Better never had been born."

They were the true friends of men. The Spartan, surely, would not think that he received only his body from his mother. The sage, had he lived in that community, could not have thought the souls of "vain and foppish men will be degraded after death, to the forms of women, and if they do not there make great efforts to retrieve themselves, will become birds."

(By the way, it is very expressive of the hard intellectuality of the merely mannish mind, to speak thus of birds, chosen always by the feminine poet as the symbols of his fairest thoughts.)

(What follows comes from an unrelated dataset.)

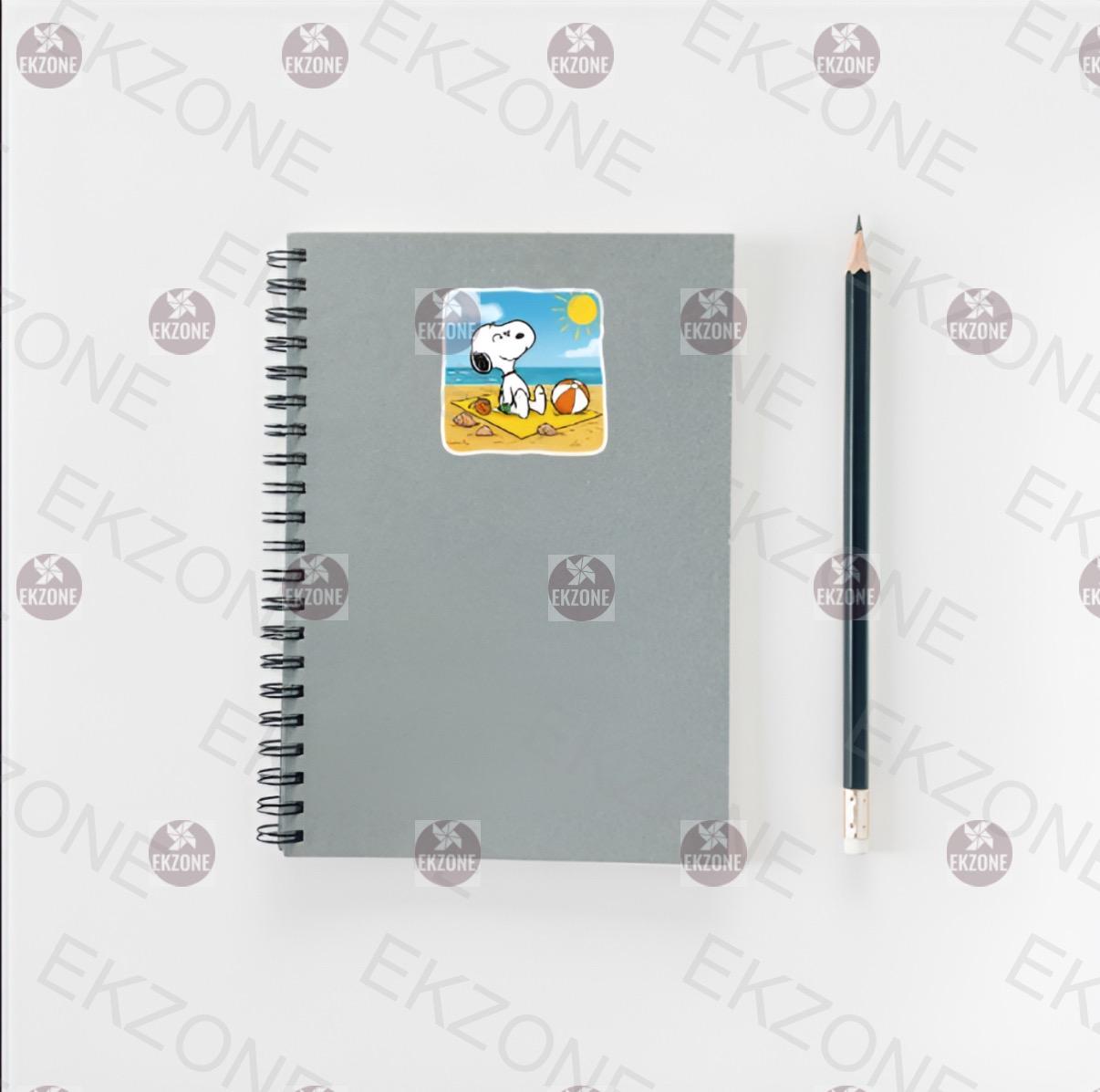 Snoopy Peanuts Beach Day Sticker - Cute Cartoon Dog Relaxing Decal - Summer Fun Sticker - Snoopy at the Beach Sticker - Peanuts Relaxing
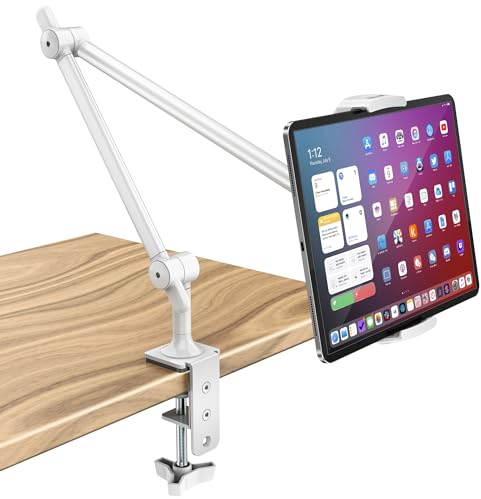 AboveTEK Hochwertige Tablet-Halterung, Verstellbare Tablet Ständer Arm mit 360°-Drehung für Schreibtisch und Bett, Handy-Ständer kompatibel mit 4,7-13,5 Zoll iPad Pro Air Mini Galaxy Tab - Weiß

We are told of the Greek nations in general, that woman occupied there an infinitely lower place than man. It is difficult to believe this when we see such range and dignity

of thought on the subject in the mythologies, and find the poets producing such ideals as Cassandra, Iphigenia, Antigone, Macaria, where Sibylline priestesses told the oracle of the highest god, and he could not be content to reign with a court of fewer than nine muses. Even Victory

wore a female form.

But whatever were the facts of daily life, I cannot complain of the age and nation, which represents its thought by such a symbol as I see before me at this moment. It is a zodiac of the busts of gods and goddesses, arranged in pairs. The circle breathes the music of a heavenly order. Male and female heads are distinct in expression, but equal in beauty, strength and calmness. Each male head is that of a brother and a king-each female of a sister and a queen. Could the thought, thus expressed, be lived out, there would be nothing more to be desired. There would be unison in variety, congeniality in difference.

Coming nearer our own time, we find religion and poetry no less true in their revelations. The rude man, just disengaged from the sod, the Adam, accuses woman to his God, and records her disgrace to their posterity. He is not ashamed to write that he could be drawn from heaven by one beneath him, one made, he says, from but a small part of himself. But in the same nation, educated by time, instructed by a succession of prophets, we find woman in as high a position as she has ever occupied. No figure that has ever arisen to greet our eyes has been received with more fervent reverence than that of the Madonna. Heine calls her the Dame du Comptoir of the Catholic church, and this jeer well expresses a serious truth.